Does the pursuit of money leave you so drained that at the end of the day you don't have the energy for what you truly love to do--play tennis, music, write, sculpt or paint, listen to J. S. Bach or Bob Marley, spend time with your spouse, partner, children, or family?
Do you want to give more to your community yet also feel you can't because your financial situation blocks you?
Are you always in debt, ever struggling just to make the next payment--and still spending too much, digging an even deeper pit of indebtedness?
Do conversations about money with your spouse or partner have this way of erupting into fights?
Does staying home with the kids day after day leave you feeling powerless around money issues--resentful of and excluded from the marketplace, as if you don't have a voice?
Are stock market losses devastating experiences? Or do you feel the agony of self-reproach when the market goes up and you're not in it?
Do you feel stupid around money decisions, not knowing how to make them on your own or how to select a trustworthy advisor to help you?
Would you just as soon avoid checkbooks, account statements, investment decisions, and insurance policies for the rest of your life?

If you find yourself saying yes to any of these questions, Money Maturity is the answer you've been seeking.
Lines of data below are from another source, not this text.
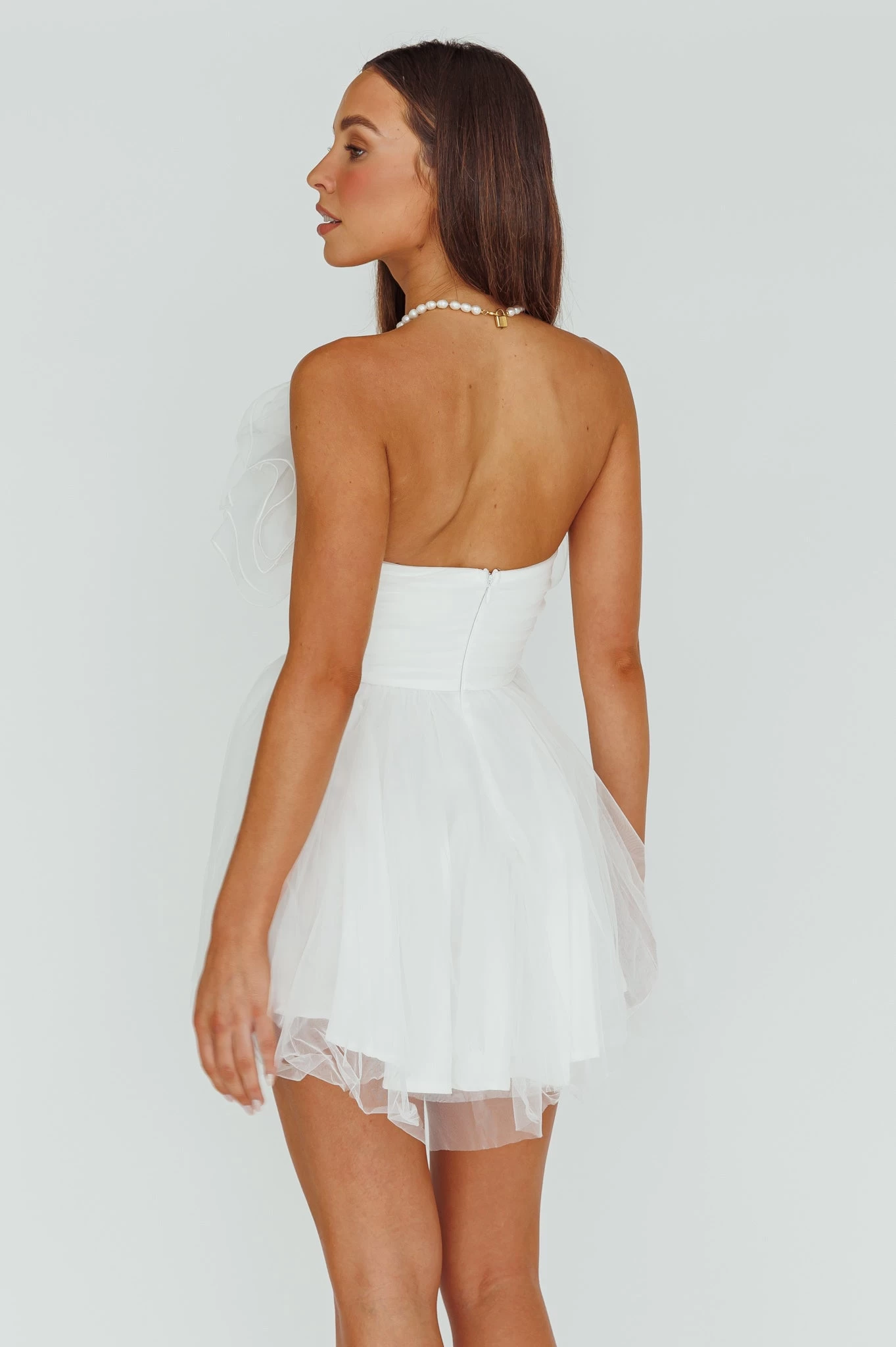 My Beloved Organza Frill Mini Dress White - Image 2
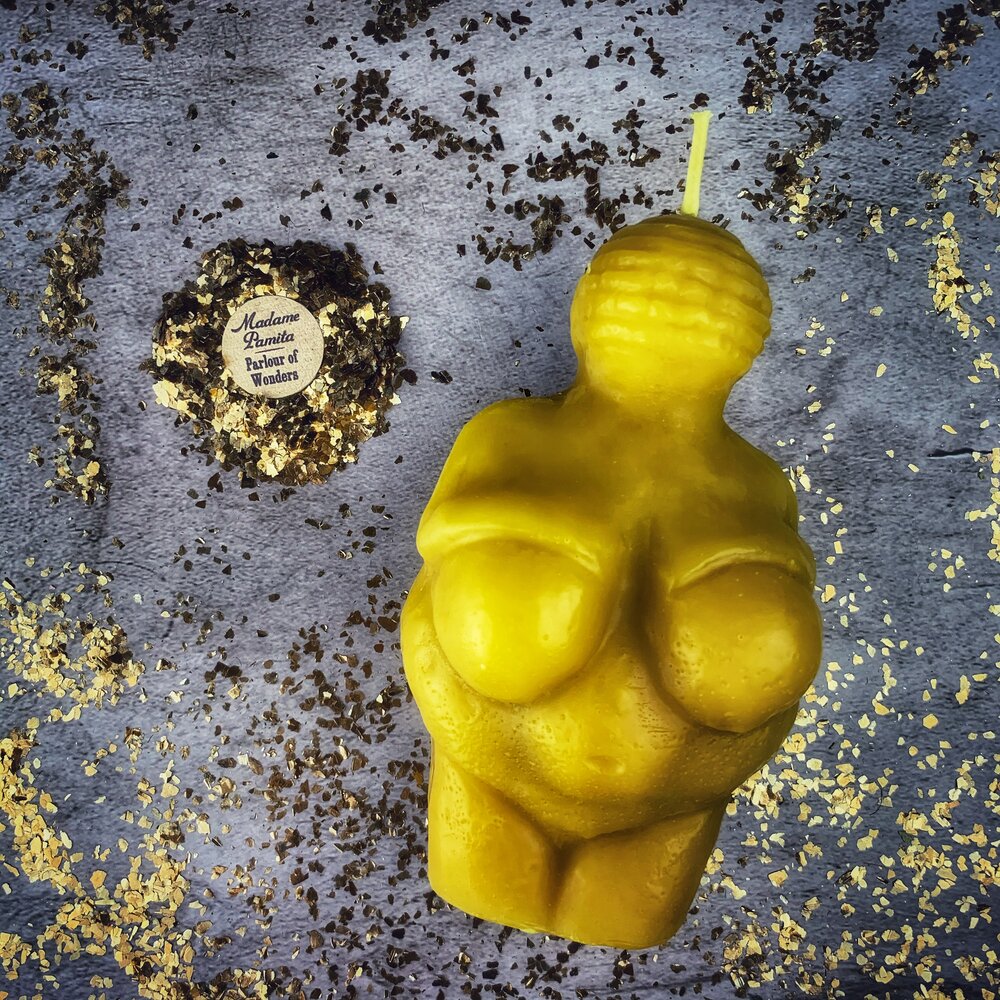 Beeswax Goddess of Willendorf Spell Candle - Feminine Power & Fertility Magic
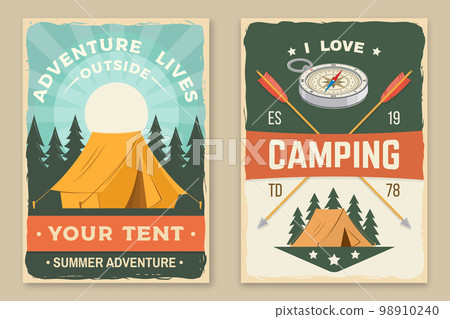 Set of camping retro posters, banner with travel inspirational quotes. Vector illustration. Concept for badge, patch, shirt, logo, print, stamp or tee. Design with camping tent, compass and forest 98910240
The Benefits of Money Maturity

Money Maturity provides seven remarkable, insightful ways of understanding your own conflicts, dilemmas, difficulties, and pain around money and taking positive steps to resolve them. Money Maturity holds the promise of a new way of living financially, one that acknowledges the whole depth and breadth of human nature, not just the greed of Wall Street or the green eyeshades of Main Street. Most important, Money Maturity offers the ease and success that come from letting go of old, painful patterns around money and learning how to create your own life based on a deepened understanding of your power and purpose.

In the years I have been developing and teaching Money Maturity in my financial-planning practice and in seminars, I have seen one person after another transform his or her life. Not that the task was easy; often the road to understanding the source of emotional conflict was rocky. Still, the power of the transformation was undeniable, sometimes even miraculous. As my clients and students came to terms with lifelong messages about money--and let go of them--they discovered the clarity to take practical steps like building a budget, creating an investment plan, or redirecting their careers toward work they truly wanted. Once they had seen deeply into their emotional pattern concering money, they found themselves capable of creating a new kind of life, one that beamed with the very freedom and ease they were seeking.


Cheryl and Bob wanted to live as writers, but they felt a conflict between what their families told them hard work was all about and the purportedly effete artistic life. The conflict was so intense that they couldn't do either well. If they dedicated themselves to writing, they felt guilty about betraying their families; if they dedicated themselves to making money, they felt guilty about betraying themselves. So Bob drove a taxi and Cheryl waitressed--tough, demanding jobs that paid relatively little and left them both too drained to do more than dabble at writing. In addition, they were terrified of the stock market, and had put all of their small inheritance and work savings into low-yielding certificates of deposit and money market accounts. I suggested that, if they really wanted to live as writers, they could do it--first by facing their guilt and fear, then by investing the majority of their assets in the stock market, cutting their employment to half time, and living very simply. That was ten years ago. Now, every time I bump into either of them, they thank me. Doing what they always wanted, they are earning as much from their writing as they used to from taxis and restaurants, and they feel satisfaction and fullness across the whole spectrum of their lives.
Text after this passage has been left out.